Die nächste Stufe waren dann die " Stealth "oder " Tarnkappen " Viren. Diese Viren nutzten spezielle Eigenschaften des Betriebssystems aus, indem bestimmte Systemaufrufe abgefangen und verfälscht ausgegeben wurden. So konnten diese Viren in einem infizierten System zum Beispiel die alte Programmlänge vortäuschen oder dem Benutzer statt bestimmter geänderter Sektoren der Festplatte die Originalsektoren vorspiegeln, die der Virus an eine andere Stelle verschoben hatte.

So richtig schwierig wurde es dann, als 1990 die ersten so genannten polymorphen Computerviren auftauchten. Soll ein Programm eine bestimmte Funktion erfüllen, so kann man dafür die verschiedensten Befehle in der unterschiedlichsten Anordnung verwenden. Zur Verdeutlichung ein Vergleich: Nehmen wir an, dass durch Addition von Zahlen ein bestimmter Wert, z.B. 19, erreicht werden soll. Hierzu kann man auf verschiedene Weise vorgehen: 9+10 oder 9+9+1 oder 1+9+0+9 oder 7+8+9+1-8+9-7 und so weiter. Diese neuartigen Viren funktionieren ganz ähnlich; sie verwenden entweder verschiedene Befehle oder sie ordnen Befehle anders an, bisweilen tun sie sogar beides. Wird dies geschickt genug gemacht, ergeben die unterschiedlichsten Programmcodes die gleichen Virusfunktionen. Um einen derartigen Virus zu entdecken, genügt es nicht mehr, nur nach bestimmten Zeichenfolgen zu suchen. Nur ein algorithmisches Verfahren, das nach bestimmten Eigenschaften des Virus sucht, führt dann noch zum Erfolg.

Zusätzliche Probleme bei der Bekämpfung der Computerviren ergaben sich aus dem Umstand, dass in Zeitschriften und Büchern Programmcodes für Viren abgedruckt wurden, so dass auch Personen mit sehr wenig Erfahrung im Programmieren in die Lage versetzt wurden, durch Abtippen der Befehle selbst neue Viren zusammenzubasteln und zu verbreiten.

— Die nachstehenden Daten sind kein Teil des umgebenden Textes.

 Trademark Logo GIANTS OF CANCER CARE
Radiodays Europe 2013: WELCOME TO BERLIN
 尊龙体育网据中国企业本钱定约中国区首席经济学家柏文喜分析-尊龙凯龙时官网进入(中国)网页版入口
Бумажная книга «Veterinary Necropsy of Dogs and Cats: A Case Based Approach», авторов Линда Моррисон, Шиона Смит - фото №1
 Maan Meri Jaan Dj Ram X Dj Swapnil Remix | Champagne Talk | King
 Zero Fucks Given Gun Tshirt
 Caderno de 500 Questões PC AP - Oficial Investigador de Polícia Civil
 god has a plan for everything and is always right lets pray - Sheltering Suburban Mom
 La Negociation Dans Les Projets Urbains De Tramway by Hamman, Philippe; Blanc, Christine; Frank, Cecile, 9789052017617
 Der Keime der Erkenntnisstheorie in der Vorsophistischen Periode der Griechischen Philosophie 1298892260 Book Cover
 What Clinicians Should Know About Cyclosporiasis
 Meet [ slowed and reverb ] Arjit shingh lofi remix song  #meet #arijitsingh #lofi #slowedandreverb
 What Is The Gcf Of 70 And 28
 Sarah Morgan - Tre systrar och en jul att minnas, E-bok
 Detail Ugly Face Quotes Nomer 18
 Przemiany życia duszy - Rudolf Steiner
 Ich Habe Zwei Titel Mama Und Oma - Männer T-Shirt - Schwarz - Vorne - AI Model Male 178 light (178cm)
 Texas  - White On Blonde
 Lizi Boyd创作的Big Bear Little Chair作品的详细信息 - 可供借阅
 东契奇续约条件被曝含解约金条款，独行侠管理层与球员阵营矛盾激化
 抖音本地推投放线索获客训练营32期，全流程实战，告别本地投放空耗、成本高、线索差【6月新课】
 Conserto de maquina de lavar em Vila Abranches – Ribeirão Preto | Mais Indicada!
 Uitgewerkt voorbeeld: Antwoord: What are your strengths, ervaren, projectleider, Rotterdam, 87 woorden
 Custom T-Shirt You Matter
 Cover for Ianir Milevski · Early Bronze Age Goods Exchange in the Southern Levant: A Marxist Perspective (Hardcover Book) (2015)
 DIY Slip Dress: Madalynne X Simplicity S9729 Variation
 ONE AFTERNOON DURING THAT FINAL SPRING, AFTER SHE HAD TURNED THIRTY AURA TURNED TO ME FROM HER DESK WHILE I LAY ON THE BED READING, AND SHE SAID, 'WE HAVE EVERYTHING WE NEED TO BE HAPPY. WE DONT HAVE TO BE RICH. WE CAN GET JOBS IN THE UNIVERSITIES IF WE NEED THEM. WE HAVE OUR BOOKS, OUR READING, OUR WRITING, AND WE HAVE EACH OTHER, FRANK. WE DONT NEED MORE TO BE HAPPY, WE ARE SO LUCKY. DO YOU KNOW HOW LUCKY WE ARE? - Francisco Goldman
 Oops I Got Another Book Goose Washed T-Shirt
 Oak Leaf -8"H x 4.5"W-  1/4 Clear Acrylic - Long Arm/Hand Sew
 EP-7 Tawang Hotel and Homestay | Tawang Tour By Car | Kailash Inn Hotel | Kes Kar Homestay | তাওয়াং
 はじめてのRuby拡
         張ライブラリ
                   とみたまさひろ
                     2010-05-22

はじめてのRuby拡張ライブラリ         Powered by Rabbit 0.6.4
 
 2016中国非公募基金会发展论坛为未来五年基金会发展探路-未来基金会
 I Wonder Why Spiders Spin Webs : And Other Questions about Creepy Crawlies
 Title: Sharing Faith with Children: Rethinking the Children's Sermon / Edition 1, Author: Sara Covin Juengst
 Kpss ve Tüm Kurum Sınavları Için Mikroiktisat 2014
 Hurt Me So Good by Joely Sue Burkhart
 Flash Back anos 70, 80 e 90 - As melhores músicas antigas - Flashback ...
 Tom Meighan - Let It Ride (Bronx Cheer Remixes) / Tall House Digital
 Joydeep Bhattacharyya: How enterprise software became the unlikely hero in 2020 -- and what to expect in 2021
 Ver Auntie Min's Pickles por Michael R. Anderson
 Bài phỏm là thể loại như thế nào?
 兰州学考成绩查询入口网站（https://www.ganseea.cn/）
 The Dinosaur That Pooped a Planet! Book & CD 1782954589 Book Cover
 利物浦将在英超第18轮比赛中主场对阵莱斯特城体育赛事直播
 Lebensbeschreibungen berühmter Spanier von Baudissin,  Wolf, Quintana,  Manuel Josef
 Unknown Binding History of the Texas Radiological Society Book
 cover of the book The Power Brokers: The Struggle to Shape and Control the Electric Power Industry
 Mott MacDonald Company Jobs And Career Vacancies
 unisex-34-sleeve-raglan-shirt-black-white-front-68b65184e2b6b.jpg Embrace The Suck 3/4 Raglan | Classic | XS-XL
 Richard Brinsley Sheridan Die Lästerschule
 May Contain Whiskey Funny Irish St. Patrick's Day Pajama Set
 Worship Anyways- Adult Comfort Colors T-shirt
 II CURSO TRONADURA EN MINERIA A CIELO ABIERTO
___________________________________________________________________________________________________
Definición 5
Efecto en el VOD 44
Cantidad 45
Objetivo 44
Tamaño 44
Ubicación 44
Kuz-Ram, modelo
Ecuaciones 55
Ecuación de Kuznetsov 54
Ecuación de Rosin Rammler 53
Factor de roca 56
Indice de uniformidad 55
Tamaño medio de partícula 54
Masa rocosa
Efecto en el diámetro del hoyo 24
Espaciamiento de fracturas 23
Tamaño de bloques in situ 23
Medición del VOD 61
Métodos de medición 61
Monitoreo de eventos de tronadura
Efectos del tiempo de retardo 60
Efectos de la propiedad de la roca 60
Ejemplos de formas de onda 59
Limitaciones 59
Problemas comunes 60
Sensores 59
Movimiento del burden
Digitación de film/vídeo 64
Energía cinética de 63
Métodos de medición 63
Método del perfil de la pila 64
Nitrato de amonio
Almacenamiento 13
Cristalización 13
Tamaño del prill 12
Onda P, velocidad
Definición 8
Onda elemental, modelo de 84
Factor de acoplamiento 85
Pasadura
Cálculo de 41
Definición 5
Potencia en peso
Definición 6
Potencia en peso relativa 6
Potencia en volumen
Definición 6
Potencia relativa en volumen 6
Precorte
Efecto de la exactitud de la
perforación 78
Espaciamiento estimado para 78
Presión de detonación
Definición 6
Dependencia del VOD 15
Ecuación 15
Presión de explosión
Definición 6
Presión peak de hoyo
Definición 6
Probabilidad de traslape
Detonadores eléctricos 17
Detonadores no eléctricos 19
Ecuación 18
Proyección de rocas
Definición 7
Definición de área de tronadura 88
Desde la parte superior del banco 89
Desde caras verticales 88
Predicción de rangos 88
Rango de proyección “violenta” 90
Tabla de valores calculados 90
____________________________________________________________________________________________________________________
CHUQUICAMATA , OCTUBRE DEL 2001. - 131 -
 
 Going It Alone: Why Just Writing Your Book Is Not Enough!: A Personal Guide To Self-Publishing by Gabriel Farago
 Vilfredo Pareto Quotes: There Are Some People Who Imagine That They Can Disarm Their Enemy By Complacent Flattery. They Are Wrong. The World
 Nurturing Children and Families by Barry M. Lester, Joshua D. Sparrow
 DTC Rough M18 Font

Schon bald darauf nahmen so genannte "Virenbaukästen" dem Virusprogrammierer sogar noch die Arbeit des Abtippens ab. Es handelt sich dabei um Programmsysteme, die durch einfaches Ankreuzen von vorgegebenen Menüpunkten einen neuen Virus zusammensetzen konnten.

Die neueste Bedrohung ist die "Mutation Engine", kurz "MtE" genannt. Man benötigt dazu lediglich einen einzigen fertigen Virus, und nach dessen Behandlung mit diesem Programmsystem entstehen Millionen von verschiedenen Varianten.

Bisher waren die Programmierer von Anti-Virus-Software in der Lage, den Vorsprung der Virenprogrammierer im Wettlauf mit der Zeit immer relativ rasch einzuholen. Es ist aber zu befürchten, dass die Zeitspanne zwischen Auftreten eines neuen Virus und der Erstellung des passenden Gegenmittels immer länger wird. Daher sollte geprüft werden, ob nicht vom Gesetzgeber der Veröffentlichung von Virencode und insbesondere der Verbreitung von Virenbaukästen ein wirksamer Riegel vorgeschoben werden kann.

Häufig wird die Frage gestellt, wer eigentlich Computerviren programmiert. Dieser Personenkreis reicht vom Schüler, der seinem Freund einen Streich spielen will und deshalb einen Virus in die Welt setzt, der Buchstaben durcheinanderpurzeln lässt oder enervierende Musik auf dem Lautsprecher des Personalcomputers spielt, über das verkannte Genie, das glaubt, auf diese Weise seine Programmierkunst beweisen zu müssen, bis hin zum Techno-Terroristen, der möglichst viel Schaden anrichten will.